Copy out again, unchanged, the listing below from the line that has "Alejandro Grimaldo tritt einen Freistoß." through the line that has "1ct Round Cut".

= GIVEN INFORMATION =
..............................

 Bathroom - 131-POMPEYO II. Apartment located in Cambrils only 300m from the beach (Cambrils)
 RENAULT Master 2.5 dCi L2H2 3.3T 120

..............................

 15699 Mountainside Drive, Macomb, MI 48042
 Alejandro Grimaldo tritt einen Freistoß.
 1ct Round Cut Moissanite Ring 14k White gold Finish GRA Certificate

..............................

= SOLUTION TO THE EXERCISE =
 Alejandro Grimaldo tritt einen Freistoß.
 1ct Round Cut Moissanite Ring 14k White gold Finish GRA Certificate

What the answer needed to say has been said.